MCCAIN: I'd love to see our high-tech corporations going over there and say create the environment for us with these new governments. We'll invest and we'll help you create jobs. That's the long-term course of action we need to take. In the short term, obviously, they need some economic assistance. Some of the $30 billion of Gadhafi's assets I think could be put in the right direction.

VAN SUSTEREN: But how -- but how do you tell Americans that instead of -- instead of keeping that money here and keeping those jobs here, we should put them over there?

MCCAIN: One, from ideological standpoint. We've always stood for the universality of human rights, and we should be proud and help them move into a free and democratic society.
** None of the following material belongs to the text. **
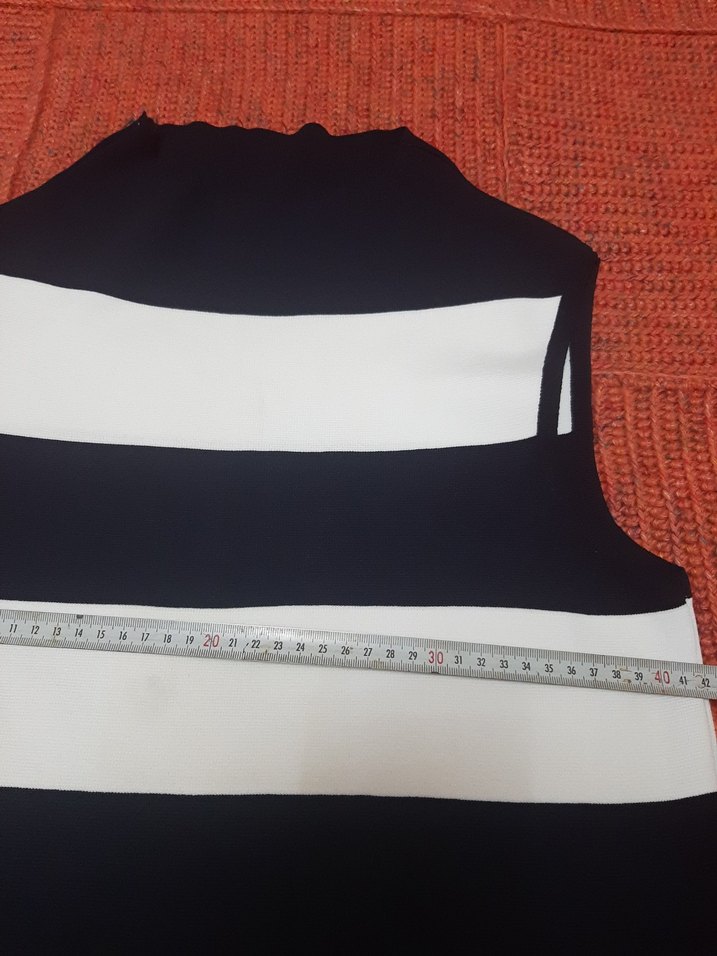 Çizgili Yüksek Yakalı Kolsuz Triko Elbise - Görsel 3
Second reason is, if this election, and others have -- take Iran, for the best example -- is hijacked by extremists, then it poses a threat to the United States' national security which could be very, very expensive in the long run.

VAN SUSTEREN: And by the way, just as an aside, I wasn't calling -- I wasn't suggesting we should do a ground invasion in Libya. I'm just obviously deeply disturbed at the suffering of these people.

MCCAIN: Sure. I am deeply disturbed at their suffering. And I don't understand why we would have any reluctance to try to prevent Qaddafi from being able to continue to massacre the people of Libya who are standing up for independence and freedom.

VAN SUSTEREN: Senator, thank you, sir. Always nice to see you.

MCCAIN: Thank you.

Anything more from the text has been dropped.